Bugün kimi İslâm ülkelerinde din hizmetleri ve din eğitimi ne yazık ki bir güvenlik sorununa dönüşmüş durumdadır. Her cami, bir gruba tahsis edilmiş, diğer mescit ve camileri ötekileştirmiştir. Diyanet İşleri Başkanlığının varlığı, bütün camilerimizde hizmet veriyor olması, son derece önemlidir. Bu kuruma gelecekte daha çok ihtiyaç duyulacaktır. Başkanlığımıza yönelik makul ve yapıcı eleştiriler olmalı, ancak yalan yanlış çarpıtma haber mühendislikleriyle Diyanet İşleri Başkanlığımızın itibarını zedelemeye yönelik çabaların, doğru olmadığı bilinmelidir.

“Başkanlığımız, cami içi ve dışında belli şahıs, çevre ve toplulukları hedef alan ötekileştirici bir dil ve üslûp kullanmaktan kaçınmayı temel bir irşad ilkesi olarak kabul etmektedir…”

Diyanet İşleri Başkanlığı, cami içi ve dışında irşad vazifesi yürütürken belli şahıs, çevre ve toplulukları hedef alan ötekileştirici bir dil ve üslûp kullanmaktan kaçınmayı temel bir irşad ilkesi olarak kabul etmektedir. Minber ve kürsüler, polemik zemini değildir. Akıl ve kalbini aydınlatmak, bilgi dağarcığını zenginleştirmek, manevî vecd ve çoşkuya ermek için Allah’ın camilerine gelenler asla ötekileştirilemez. Cami içinde ve dışında bu hassasiyetin korunmasına büyük bir özen gösterilecektir. Cami ve mescitlerde toplumun tüm kesimlerini kuşatan, mümin gönüllere hitap eden bir dil ve üslûp muhafaza edilecektir.
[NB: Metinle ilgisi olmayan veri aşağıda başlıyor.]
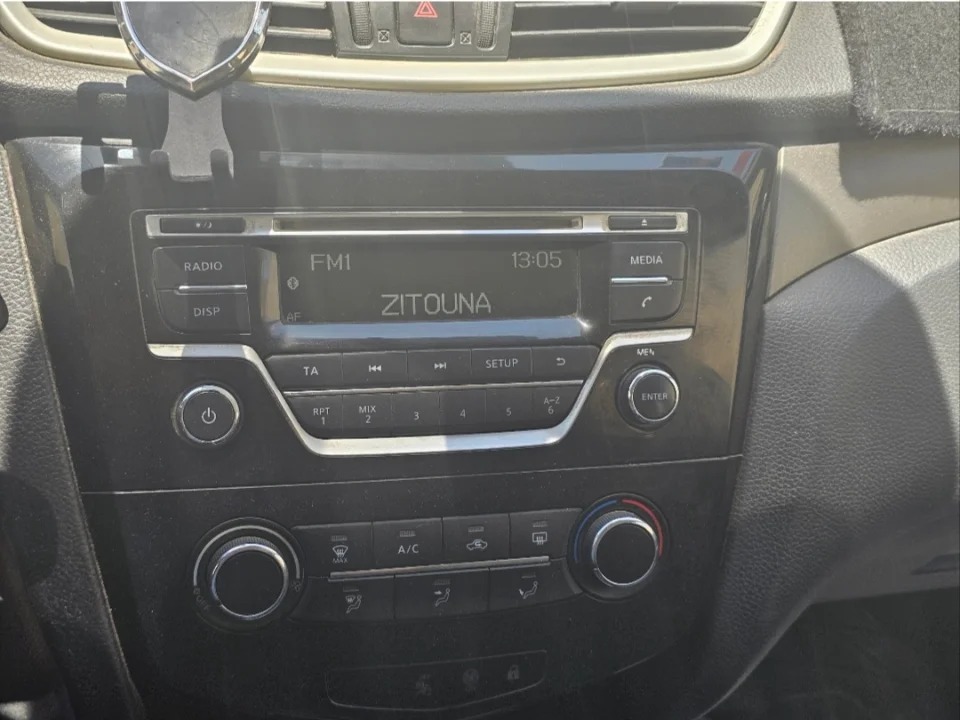Nissan Qashqai - Photo 2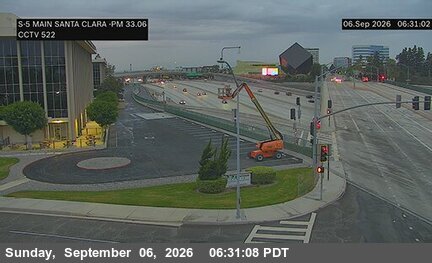 I-5 : (522) Main & Santa Carla live camera view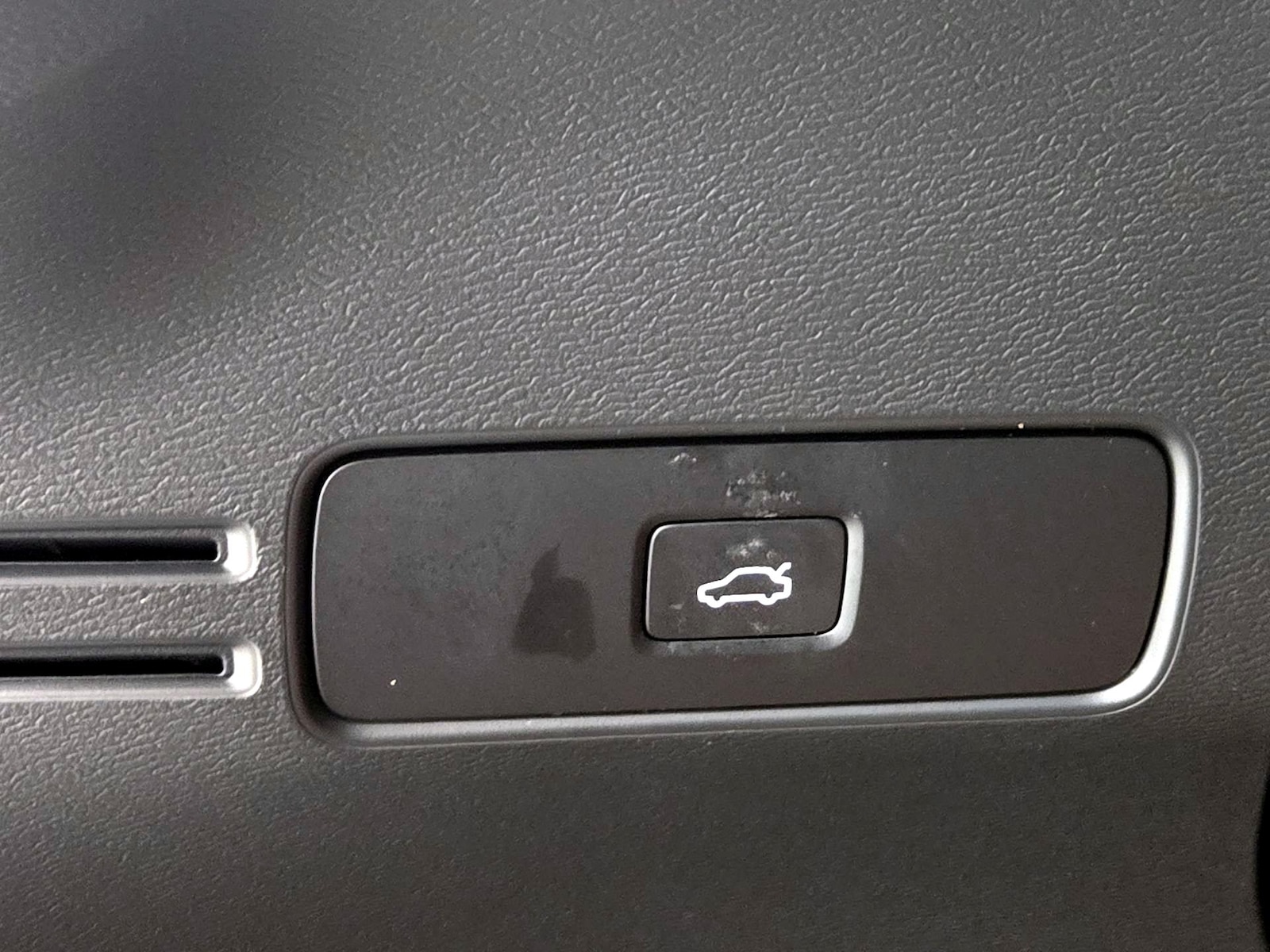 2023 Volvo XC40 Ultimate - Photo 14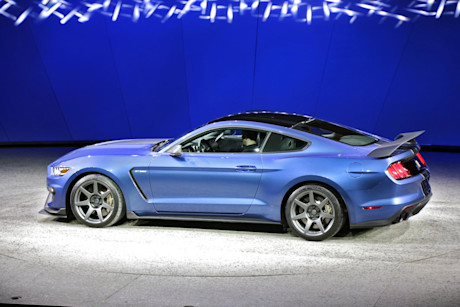 Editorial 05 ms ford shelby gt350r mustang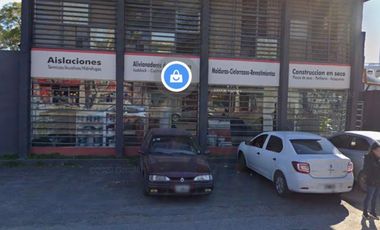 Extraordinario  depósito con local comercial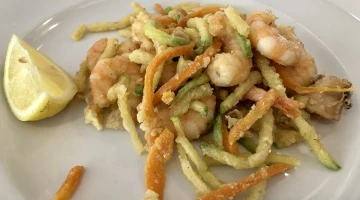 Mixed fried fish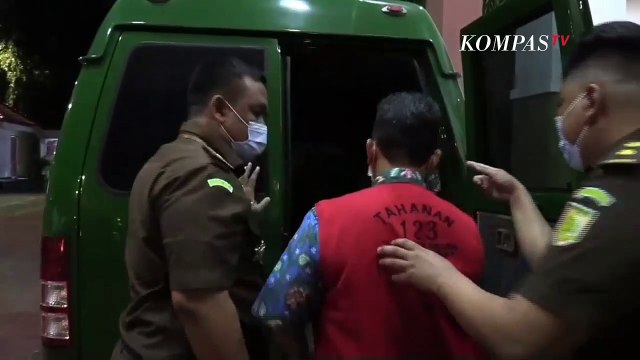 Kasus Kredit Fiktif, Dua Pejabat Bank DKI Ditahan Kejari Jakarta Pusat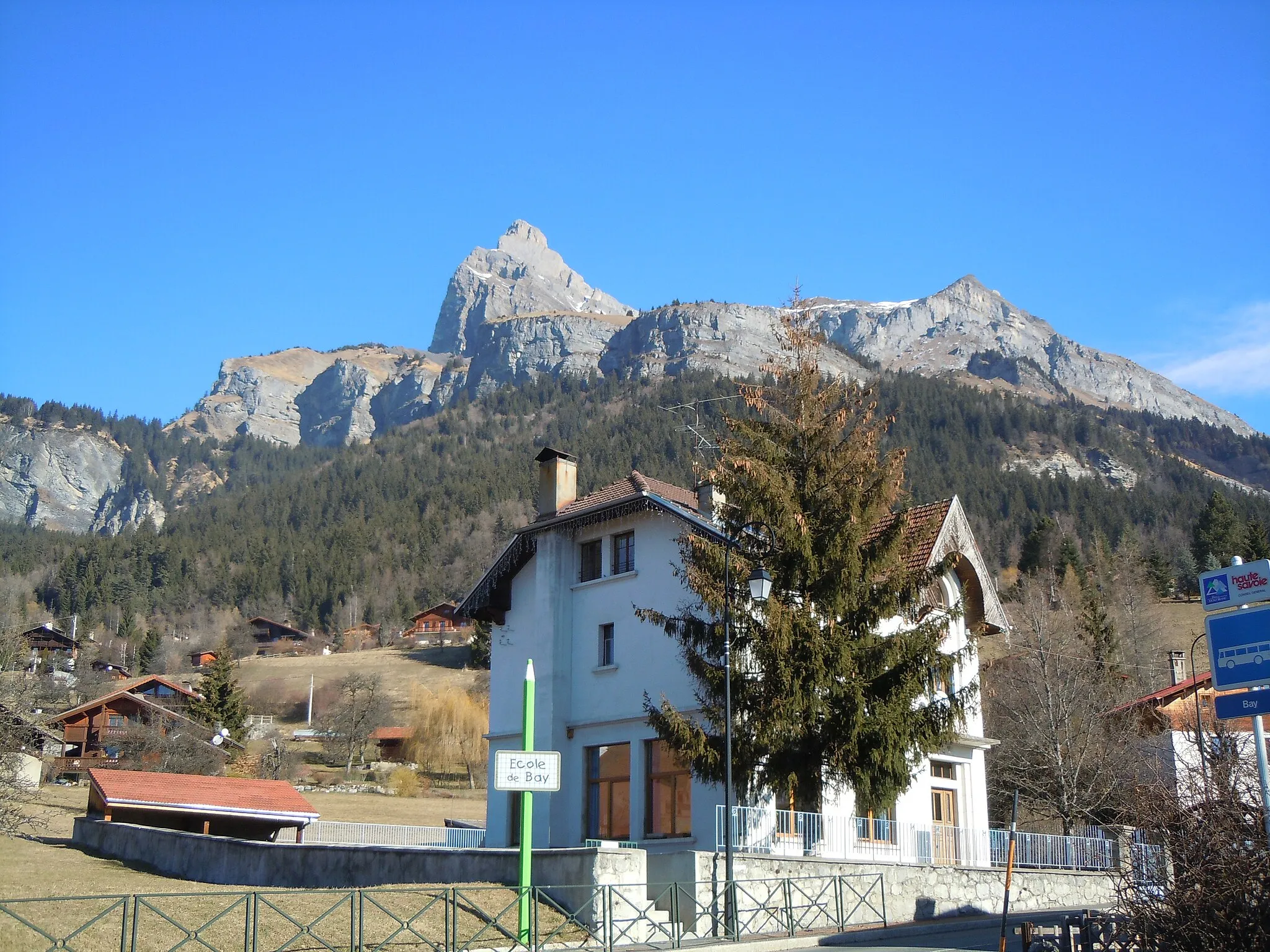 Photo showing: Ecole de Bay - Passy - Haute-Savoie - au pied de l'Aiguille de Varan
“Cami hizmetlerinde görev yapan personel istihdamının cami eksenli değil nüfus eksenli olarak yeniden plânlanması gerekmektedir…”

Ülkemiz nüfusunun kahir ekseriyeti şehirlerde yaşamakta iken personel dağılımımız bunun tam aksinedir. Bu nedenle cami hizmetlerinde görev yapan personel istihdamının cami eksenli değil nüfus eksenli olarak yeniden plânlanması gerekmektedir.

“Aile ve dinî rehberlik bürolarının, aile içi şiddet ve çeşitli sorunlara yönelik çözümler üretmesi, mülteci ve terör mağduru ailelere yönelik faaliyetleri artırması tabi işlevidir…”

Aile ve dinî rehberlik büroları, sadece fıkhî soruları cevaplayan yerler değildir. Bunların, aileye yönelik dinî bilgiler vermesi, aile içi şiddet ve çeşitli sorunlara yönelik çözümler üretmesi, bu çerçevede sosyal ve kültürel etkinlikler düzenlemesi; ayrıca mülteci ve terör mağduru ailelere yönelik faaliyetleri artırması, bu doğrultuda kadın, genç ve çocuklara yönelik destek çalışmaları plânlanması tabiî işlevidir.

“’Şimdi Yaraları Sarma Zamanı’ kampanyası, yaralarımız tamamen sarılıncaya kadar devam edecektir…”

Başkanlığımız, ‘Şimdi Yaraları Sarma Zamanı’ başlığı altında Bayırbucak Türkmenleri, terör saldırılarında şehit olan kardeşlerimizin yakınları ve terör mağduru vatandaşlarımıza yönelik yardım kampanyası başlatmıştır. Aziz milletimizin, birbirinin yaralarını sarması hem birliğimiz, hem dirliğimiz, hem kardeşliğimiz, hem de geleceğimiz için hayati öneme sahiptir. Bu kampanyanın sadece maddî yaralarımızı değil manevî yaralarımızı da kapatacağına olan inancımız tamdır. Kampanya, yaralarımız tamamen sarılıncaya kadar devam edecektir.